Personal information
- Full name: Lucas Otávio Veiga Lopes
- Date of birth: 9 October 1994 (age 31)
- Place of birth: Cornélio Procópio, Brazil
- Height: 1.64 m (5 ft 4+1⁄2 in)
- Position: Defensive midfielder

Youth career
- Bandeirantes EC
- 2005–2014: Santos

Senior career*
- Years: Team / Apps / (Gls)
- 2013–2018: Santos / 27 / (0)
- 2014: → Paraná (loan) / 20 / (0)
- 2016: → Paraná (loan) / 17 / (0)
- 2017: → Avaí (loan) / 13 / (0)
- 2018: → Ituano (loan) / 0 / (0)
- 2019: PSTC / 6 / (1)
- Total:  / 83 / (1)

= Lucas Otávio =

Brazilian footballer (born 1994)

Lucas Otávio Veiga Lopes (born 9 October 1994), known as Lucas Otávio, is a Brazilian retired footballer who played as a defensive midfielder.

==Club career==
Born in Cornélio Procópio, Paraná, Lucas Otávio began his career in hometown's Bandeirantes Esporte Clube (BEC), and joined Santos FC in 2005, after impressing in a match against Peixe.
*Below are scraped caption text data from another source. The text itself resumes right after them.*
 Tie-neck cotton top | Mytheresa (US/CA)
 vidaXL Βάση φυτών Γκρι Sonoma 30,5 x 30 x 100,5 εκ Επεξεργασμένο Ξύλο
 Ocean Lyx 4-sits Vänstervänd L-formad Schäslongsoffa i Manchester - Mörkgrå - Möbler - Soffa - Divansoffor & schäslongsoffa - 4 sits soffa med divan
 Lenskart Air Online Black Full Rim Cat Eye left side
In April 2012, he signed a three-year professional deal with the latter.

In July 2013, Lucas Otávio was promoted to Santos' main squad. On the 24th he made his first team debut, in a 2–0 away win against CRAC in that season's Copa do Brasil.

On 5 June 2014, Lucas Otávio was loaned to Série B side Paraná until December. A regular starter under manager Claudinei Oliveira, he eventually lost his place under Ricardinho, with his loan being cut short on 26 November due to an injury.
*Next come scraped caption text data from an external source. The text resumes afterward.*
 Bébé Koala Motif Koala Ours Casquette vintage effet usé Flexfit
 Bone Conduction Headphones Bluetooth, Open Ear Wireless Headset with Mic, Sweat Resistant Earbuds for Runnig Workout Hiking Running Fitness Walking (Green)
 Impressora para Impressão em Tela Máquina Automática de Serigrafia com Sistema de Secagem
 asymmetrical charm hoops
Lucas Otávio returned to Santos in 2015, being definitely included in the club's main squad. He made his Série A debut on 17 May, starting in a 1–0 home win against Cruzeiro.

On 29 September 2015 Lucas Otávio renewed his contract with Peixe, signing until January 2019. On 10 March of the following year, after receiving little playing time under new manager Dorival Júnior, he returned to Paraná on loan until December.

On 6 March 2017, Lucas Otávio was loaned to Avaí until the end of the season. The following 12 January, he joined Ituano also in a temporary deal.

Lucas Otávio left Santos in December 2018, as his contract expired, and subsequently joined PSTC. He scored his first senior goal with the latter side on 21 April 2019, netting his team's fifth in a 5–1 home routing of Nacional de Rolândia.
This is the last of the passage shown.